Je me rends bien compte que les blogs ont absorbé sept ans d'énergie, sept ans pendant lesquels j'aurais pu lire des livres et en écrire. Je n'en suis pas non plus à regretter ces sept années au cours desquelles j'ai écrit des centaines de poèmes et connu des dizaines de personnes éparpillées un peu partout en France, en Belgique ou au Québec. Mais il arrive un moment où l'on éprouve le besoin de se recentrer, de s'isoler, pour "produire". Produire ; c'est à dire bouffer du texte et par le prodige d'une alchimie toute cérébrale ou toute instinctive, en extraire matière à faire du texte soi-même.
C'est comme ça que ça marche. On bouffe, on fait.
Ceci dit, même si le blog a beaucoup contribué à ma "déroute" il aura néanmoins réussi l'exploit de faire savoir que j'existe, moi, pauvre petit écrivaillon solitaire et fragile, auteur de dizaines et de dizaines de romans restés enfouis dans des coffres, des bas de secrétaire et des cartons tout mâchouillés par l'humidité et les déménagements (peut-être même que pseudo-félix est passé par là). Sans doute le blog a-t-il eu le pouvoir, en son temps, de me construire "une image sociale", une représentation de moi-même aux yeux des autres. Et sans doute en ai-je encore besoin, pour établir et préserver le contact avec mes lecteurs et pour, encore et toujours, rendre compte de mon existence, de mes fractures, de mon travail sur moi-même et de ma création littéraire. Il est ma voix. Ma voix blanche. Est-ce que ça vous dit quelque chose ?
Et maintenant je retourne à la lecture de Sac d'os qui me semble être le miroir de tout écrivain qui se respecte et qui me rassure sur ma propre panne d'écriture romanesque laquelle dure depuis bien quelques années maintenant. Ce roman touffu de 600 pages (on n'en attend pas moins de Stephen King) me nourrit le sang. C'est le troisième livre que je lis en quelques jours seulement, après Pétain mon prisonnier et Acquittée. J'en ai besoin pour me retrouver, me reconstituer, m'élever au-dessus de ce que j'étais ces dernières années. J'avais "oublié" d'écrire, n'est-ce pas un monde. Ou plutôt j'avais oublié comment on fait pour écrire.
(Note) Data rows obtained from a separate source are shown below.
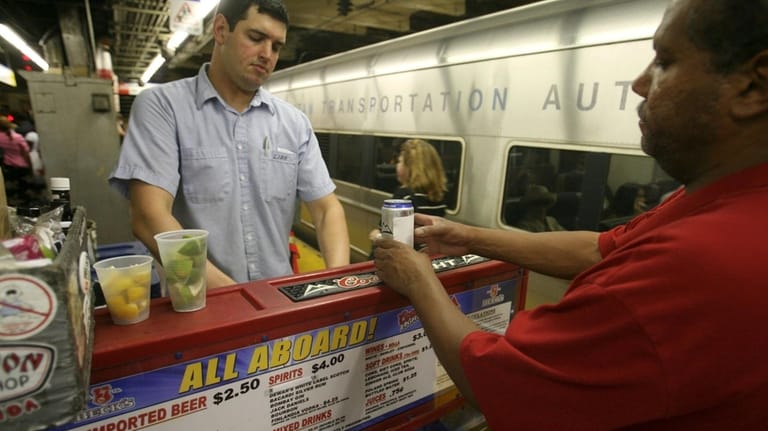 Drinks are served on a Long Island Rail Road platform...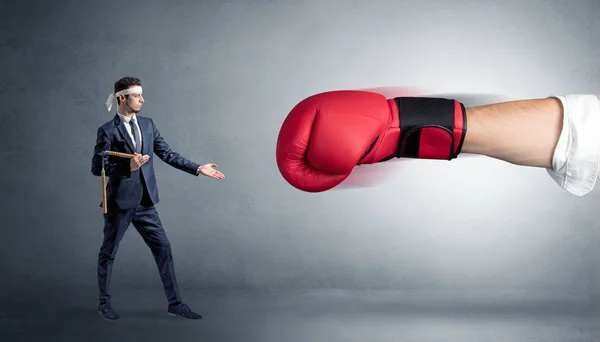 Маленький человек сражается в большой красной боксерской перчатке — стоковое фото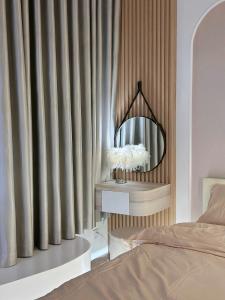 a bedroom with a bed and a mirror at Lumi Homestay in Phú Thú +8 photos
Pour écrire il faut se sur-estimer. Oui. Ou bien se sous-estimer, ce qui revient au même. Il ne s'agit que d'éviter la norme. Il faut avoir une idée surfaite de soi-même (je suis plus sensible que les autres, je souffre plus que les autres, je suis toujours le bouc émissaire de quelqu'un, etc). Il faut faire le ménage dans son bureau et sur sa table de trravail (c'est fait). Il faut bouffer du livre jusqu'à ressentir les premiers symptômes (pas désagréables) de l'indigestion cérébrale. Il faut sans transition, et avec le plus grand naturel, passer de l'addiction-blog à l'addiction-papier. Il faut se lever en n'ayant qu'une idée en tête : lire, écrire (c'est facile). Il faut se coucher en n'ayant plus la force de s'inventer une histoire. Il faut rêver (Anne-Marie Lejeune en sait quelque chose et pourra vous raconter). Il faut ... s'abstenir de vivre et peut-être, s'abstenir d'espérer qu'il puisse y avoir pour soi, quelque chose qui s'appelle l'amour ou l'avenir. Il faut passer à table. Et commencer.